What is expected
Copy exactly the lines that run from the line containing "Straps Espadrilles Platform" to the end of the material below, both ends included.

Supplied data
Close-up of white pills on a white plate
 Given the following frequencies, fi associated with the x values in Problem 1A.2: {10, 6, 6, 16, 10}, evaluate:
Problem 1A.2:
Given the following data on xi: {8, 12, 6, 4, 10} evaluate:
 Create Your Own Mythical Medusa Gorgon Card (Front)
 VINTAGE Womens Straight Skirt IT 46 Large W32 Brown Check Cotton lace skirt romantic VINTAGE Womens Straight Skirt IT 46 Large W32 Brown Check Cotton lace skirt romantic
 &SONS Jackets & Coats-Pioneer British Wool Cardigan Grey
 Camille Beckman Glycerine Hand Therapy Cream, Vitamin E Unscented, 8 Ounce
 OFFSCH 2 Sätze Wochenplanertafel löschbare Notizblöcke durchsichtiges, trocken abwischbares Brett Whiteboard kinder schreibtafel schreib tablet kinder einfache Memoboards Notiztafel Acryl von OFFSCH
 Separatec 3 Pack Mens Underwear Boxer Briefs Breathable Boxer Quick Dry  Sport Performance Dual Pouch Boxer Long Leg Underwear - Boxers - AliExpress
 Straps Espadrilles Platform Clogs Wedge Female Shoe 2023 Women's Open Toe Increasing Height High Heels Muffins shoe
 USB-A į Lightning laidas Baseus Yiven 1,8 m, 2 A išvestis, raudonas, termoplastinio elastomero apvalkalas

Reply to the exercise
 Straps Espadrilles Platform Clogs Wedge Female Shoe 2023 Women's Open Toe Increasing Height High Heels Muffins shoe
 USB-A į Lightning laidas Baseus Yiven 1,8 m, 2 A išvestis, raudonas, termoplastinio elastomero apvalkalas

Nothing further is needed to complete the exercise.